Bulk loader xidmap memory optimization

Very well written post. @harshil_goel

Some suggestions

1. --dry-run option

While you convert this into a library, I’d also suggest an option --dry-run to bulk loader or library. This basically means that bulk loader will do a dry run without allocating any UIDs and provide a report and/or dump it in a file. During dry run, it simply reads the input and keeps a count of unique xid, total xid and total rdfs. You will need a map from xid → bool but it’s memory needs will be lower than the actual by a factor of ~8 (because value is bool and not uint64).

The report could include how many xids exist in the data set, total rdfs, etc. This will allow the admin to tweak the bulk loader or the bulk loader can read the report file and intelligently decide the --limitmemory mode or not.

We can also take a step further, -dry-run <time> which will scan the input data for that duration and report the xids.

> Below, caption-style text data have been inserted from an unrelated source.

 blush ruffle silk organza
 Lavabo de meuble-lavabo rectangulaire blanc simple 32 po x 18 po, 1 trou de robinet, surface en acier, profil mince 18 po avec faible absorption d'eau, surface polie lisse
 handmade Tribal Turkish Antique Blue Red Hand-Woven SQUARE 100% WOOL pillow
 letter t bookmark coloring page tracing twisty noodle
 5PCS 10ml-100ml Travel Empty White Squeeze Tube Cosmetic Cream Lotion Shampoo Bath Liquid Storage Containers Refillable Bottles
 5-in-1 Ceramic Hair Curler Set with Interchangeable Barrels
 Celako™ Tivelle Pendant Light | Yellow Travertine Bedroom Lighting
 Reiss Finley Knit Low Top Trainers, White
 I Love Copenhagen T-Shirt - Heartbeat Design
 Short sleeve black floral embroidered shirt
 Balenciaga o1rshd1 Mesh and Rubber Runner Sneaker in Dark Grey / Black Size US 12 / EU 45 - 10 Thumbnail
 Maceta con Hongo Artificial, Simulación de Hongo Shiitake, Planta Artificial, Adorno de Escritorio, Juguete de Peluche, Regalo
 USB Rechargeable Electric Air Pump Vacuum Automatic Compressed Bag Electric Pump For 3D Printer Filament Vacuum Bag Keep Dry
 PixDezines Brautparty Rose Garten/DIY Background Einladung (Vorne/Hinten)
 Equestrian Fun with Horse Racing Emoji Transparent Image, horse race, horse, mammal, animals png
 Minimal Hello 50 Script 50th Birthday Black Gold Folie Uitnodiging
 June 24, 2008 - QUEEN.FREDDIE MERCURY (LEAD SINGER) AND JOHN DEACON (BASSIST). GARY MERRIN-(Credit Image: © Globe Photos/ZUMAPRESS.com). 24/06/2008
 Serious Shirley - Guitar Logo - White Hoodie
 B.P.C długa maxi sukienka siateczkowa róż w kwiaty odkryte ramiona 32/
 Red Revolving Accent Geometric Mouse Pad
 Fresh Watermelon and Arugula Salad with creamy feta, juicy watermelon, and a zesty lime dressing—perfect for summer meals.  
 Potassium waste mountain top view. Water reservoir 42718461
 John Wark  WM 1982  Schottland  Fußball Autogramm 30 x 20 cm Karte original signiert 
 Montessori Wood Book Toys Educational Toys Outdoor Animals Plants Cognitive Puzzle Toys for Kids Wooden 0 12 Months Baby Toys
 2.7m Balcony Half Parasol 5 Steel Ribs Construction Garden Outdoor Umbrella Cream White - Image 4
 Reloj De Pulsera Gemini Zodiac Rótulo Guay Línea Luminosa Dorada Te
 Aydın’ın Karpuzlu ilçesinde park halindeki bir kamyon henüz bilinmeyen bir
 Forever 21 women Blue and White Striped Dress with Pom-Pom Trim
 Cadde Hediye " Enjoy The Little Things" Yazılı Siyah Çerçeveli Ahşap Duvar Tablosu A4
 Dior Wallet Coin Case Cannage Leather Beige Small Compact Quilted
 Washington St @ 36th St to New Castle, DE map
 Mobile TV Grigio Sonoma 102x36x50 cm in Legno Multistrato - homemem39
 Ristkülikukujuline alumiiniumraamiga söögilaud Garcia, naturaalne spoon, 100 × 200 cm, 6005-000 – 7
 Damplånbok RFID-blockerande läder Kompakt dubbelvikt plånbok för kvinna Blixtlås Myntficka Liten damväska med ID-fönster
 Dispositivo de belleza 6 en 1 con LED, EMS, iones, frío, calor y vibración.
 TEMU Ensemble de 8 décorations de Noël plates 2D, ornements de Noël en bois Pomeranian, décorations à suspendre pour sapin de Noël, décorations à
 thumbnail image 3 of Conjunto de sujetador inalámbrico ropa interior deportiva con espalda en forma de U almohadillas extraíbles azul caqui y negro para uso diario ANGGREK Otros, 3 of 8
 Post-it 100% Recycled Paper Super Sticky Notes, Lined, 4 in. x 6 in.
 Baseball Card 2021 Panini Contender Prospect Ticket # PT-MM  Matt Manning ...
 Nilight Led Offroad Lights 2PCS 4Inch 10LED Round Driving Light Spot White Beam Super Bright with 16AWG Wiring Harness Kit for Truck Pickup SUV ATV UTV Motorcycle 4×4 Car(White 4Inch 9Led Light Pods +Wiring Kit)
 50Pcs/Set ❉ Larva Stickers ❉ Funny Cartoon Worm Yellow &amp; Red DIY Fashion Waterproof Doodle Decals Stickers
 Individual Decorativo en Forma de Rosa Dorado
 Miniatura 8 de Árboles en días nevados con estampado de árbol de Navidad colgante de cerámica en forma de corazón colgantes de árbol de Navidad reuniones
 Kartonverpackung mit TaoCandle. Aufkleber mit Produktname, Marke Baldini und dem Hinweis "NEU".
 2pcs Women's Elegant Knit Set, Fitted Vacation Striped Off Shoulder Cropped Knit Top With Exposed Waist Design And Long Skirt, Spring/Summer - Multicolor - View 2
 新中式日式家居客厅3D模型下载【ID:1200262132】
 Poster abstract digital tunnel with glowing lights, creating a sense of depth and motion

This is to limit doing a dry run for very large datasets but get a guesstimate of the xid/rdf ratio, so it is not 100% fool proof.

2. Adaptive limitMemory

Instead of keeping a hard-coded threshold of 100K, we could taken into the account the system total RAM and Data file size etc to figure out a threshold.

3. CLI Option for ratio of unique xid/xid

In addition to or instead of (1), we can just ask the user to provide us their best guess of the xid and the total xid or the ratio. The presumption here is that they generally know their data sets and may be able to do some estimation. This will allow us to decide whether to go in --limitMemory mode or not.

Finally, why is the ratio of unique xids to xids important. I think the absolute number of unique xids will drive most of the decision making, not the ratio, Right?